Trude Armstrong, of Campbell, is home schooling her sons Sebastian, 11, and Patrick, 15, with the teaching tailored to their strong points. Photo: Jeffrey Chan
WHEN school starts back this week, there will be no forgotten lunches or fights over homework at one Campbell household.
Shannon and Trude Armstrong are part of a growing group of Canberra parents choosing to educate their children at home.
According to the ACT government's Education and Training Directorate, 196 students are registered for home education in Canberra this year, a 70 per cent increase on 2010.
But the number is still a small fraction of the 68,800 students in ACT schools.
Mrs Armstrong said their eldest son, Patrick, had attended primary school for more than two years but the couple felt they were better able to meet his individual needs.
The flight attendant and her husband, a public servant, share teaching duties and at the beginning of each week negotiate with Patrick, now 15, and his brother Sebastian, 11, about what they would like to study.
Mrs Armstrong said one advantage of home schooling was parents could work to address their children's academic weaknesses and encourage their strengths without being limited by grade levels or strict time frames.
"People have different times when they operate at their best.
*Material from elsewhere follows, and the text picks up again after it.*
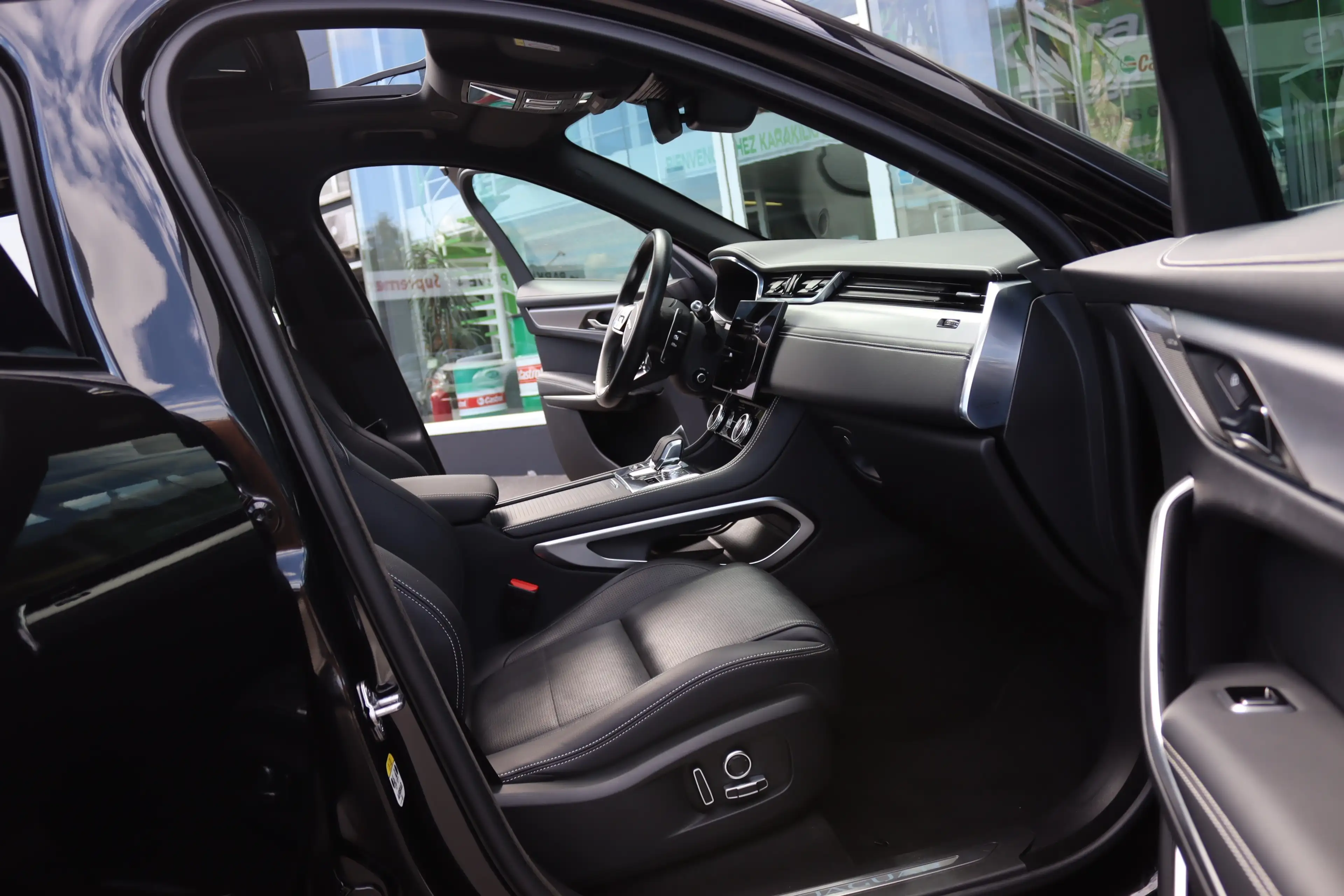 Jaguar F-Pace P250 AWD R-DYNAMIC S TOIT PANO FACELIFT FULL OPTIONS — photo 8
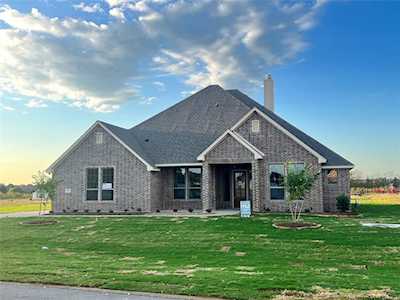 1006 nogalito Crowley, TX 76036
My younger son has got a slower start in the morning and if we allow that to happen we get great work coming out, whereas if we push him to start at an arbitrary time it's frustrating,'' she said.
Mrs Armstrong checks the NSW curriculum to ensure her sons are reaching expected education benchmarks.
Mr Armstrong is president of the Home Educators Network Canberra and Southern Tablelands, a group that gets together to provide learning and social opportunities for their children.
He said both his sons enjoy active social lives.
University of Canberra assistant professor Iain Hay, an expert in pre-service teacher education and student wellbeing, said parents commonly chose home schooling because they wanted to give their children a richer learning environment or believed they were their child's best teacher.
Dr Hay said he respected parents' right to educate their children at home and welcomed active interest and involvement in facilitating learning.
But he said there were potential pitfalls with home education and in some cases children missed out on the opportunity to socialise and learn from peers.
Also concerning was the lack of quality control over parents' teaching compared with that of trained professionals.
"If there's a relationship that works at home, that's great, but what if there isn't?" he said.